Detection of 5G Signals Using Software-Controlled Radio Technology
Qualcomm Phones Repurposed as Affordable 5G Sniffers
In a groundbreaking development, researchers have found a way to transform Qualcomm phones into 5G sniffers, offering an affordable and portable solution for analyzing 5G protocols, network troubleshooting, and security research.
The process involves leveraging specialized software hacks that repurpose the phone's cellular modem, originally designed for communication, to capture and analyze 5G radio signals. Qualcomm chipsets offer internal diagnostic modes and exposed interfaces that allow capturing raw radio data for sniffing purposes.
To achieve this, users need to access the Qualcomm modem’s debug or diagnostic interface to extract Layer 1/Layer 2 5G data. This is done using custom or open-source tools that can communicate with the modem via Qualcomm's diagnostic protocols (often based on QXDM or QCAT tools originally made for debugging). Linux or Android-based environments on the phone are required to handle these low-level modem communications and process the raw 5G signals.
The 5G sniffer, developed by the ASSET Research Group, uses two Universal Software Radio Peripheral (USRP) software-defined radios (SDRs) for real-time sniffing.
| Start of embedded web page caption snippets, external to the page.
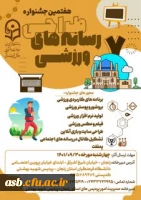 هفتمین جشنواره طراحی رسانه های ورزشی 2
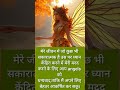 #आपका धन्यवाद #archangel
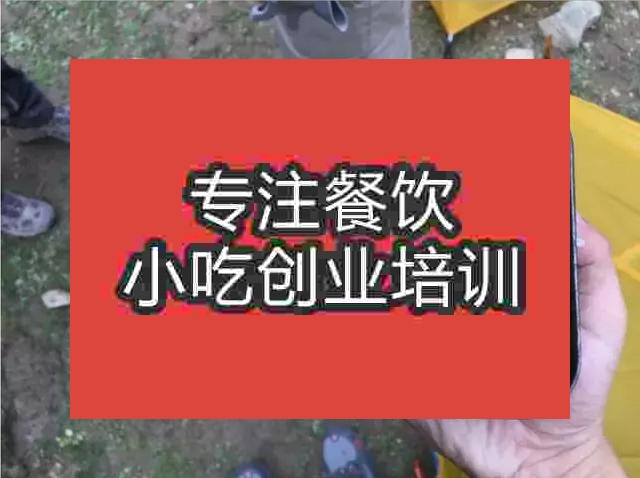 杭州猪骨头饭培训班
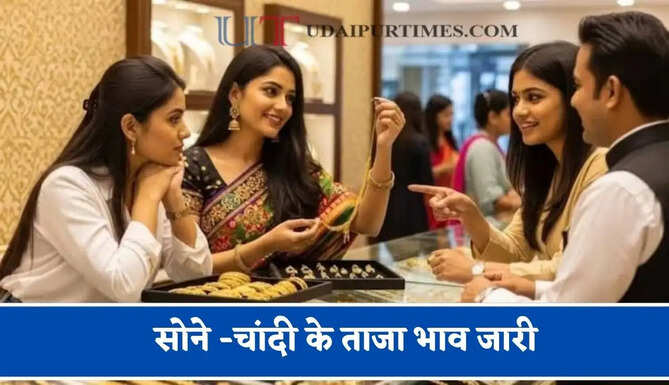सोने -चांदी के ताजा&nbsp;भाव जारी,&nbsp;चेक करें आज का नया रेट&nbsp;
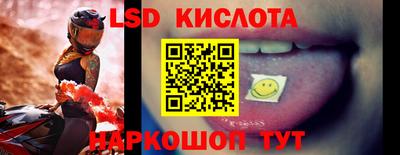 герыч Ипатово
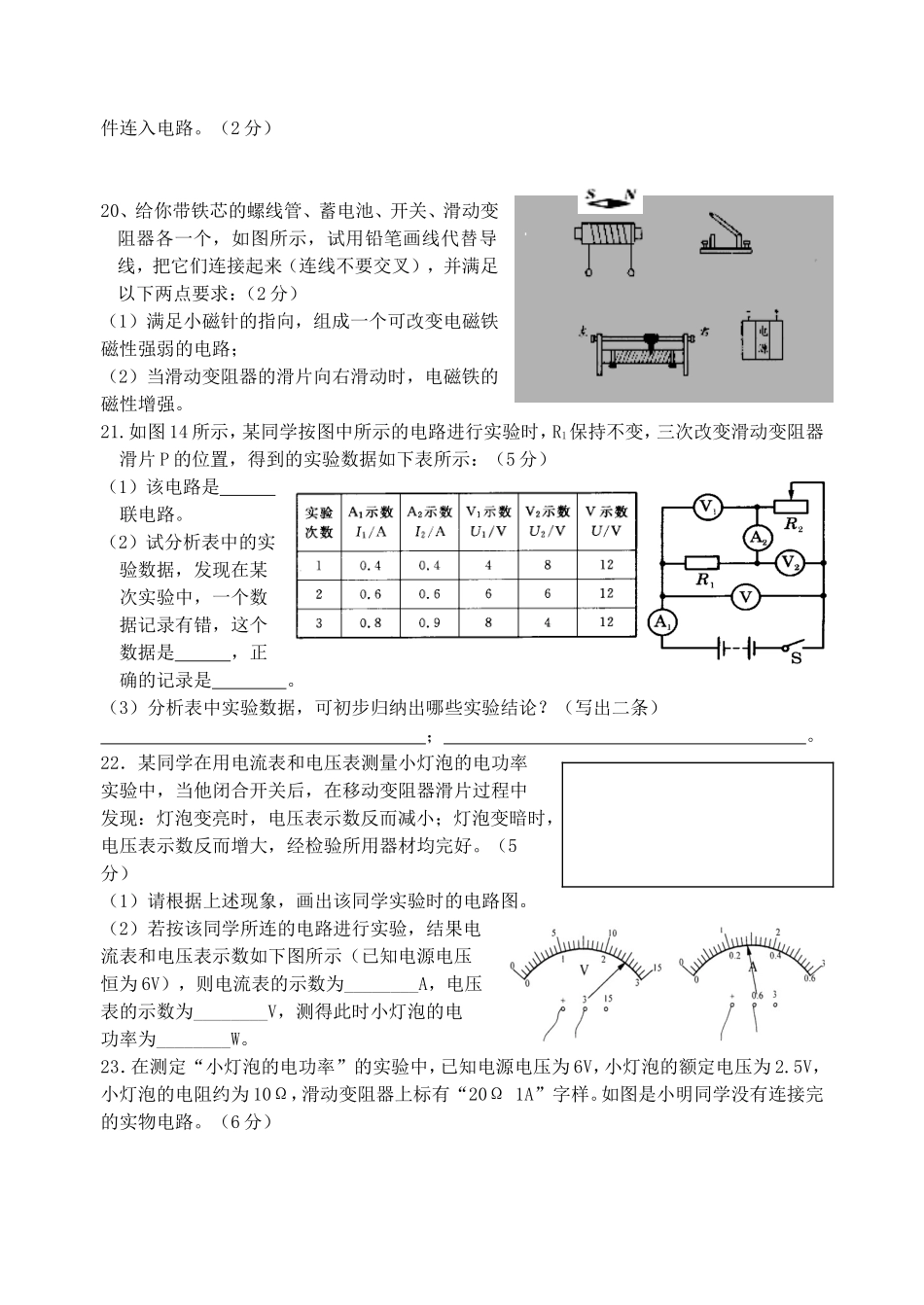 2014年秋季期末模拟测试_第3页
However, most users may not have the supported USRP hardware, and the project's complexity makes it a challenging prospect for home hackers and researchers.
The 5G sniffer has been tested with the n78 and n41 bands, and the data captured can be filtered using Wireshark. The ASSET Research Group has also provided a sample capture file for anyone to analyze.
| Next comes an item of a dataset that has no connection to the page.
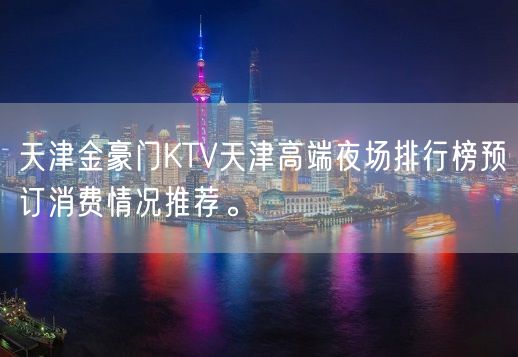 天津金豪门KTV天津高端夜场排行榜预订消费情况推荐。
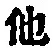 “他”字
It's important to note that the exploitation of these vulnerabilities can lead to downgrading the connection to 4G and device fingerprinting. Moreover, the exploitation framework can turn an SDR into a malicious 5G base station.
The 5Ghull attack method, part of the exploitation framework, can cause device failure, requiring the removal of the SIM Card. This project includes an exploitation framework with numerous attack vectors, offering a unique look inside the inner workings of 5G.
Despite the challenges, this innovative hack provides an accessible way for researchers and enthusiasts to delve into the world of 5G, without the need for expensive dedicated hardware.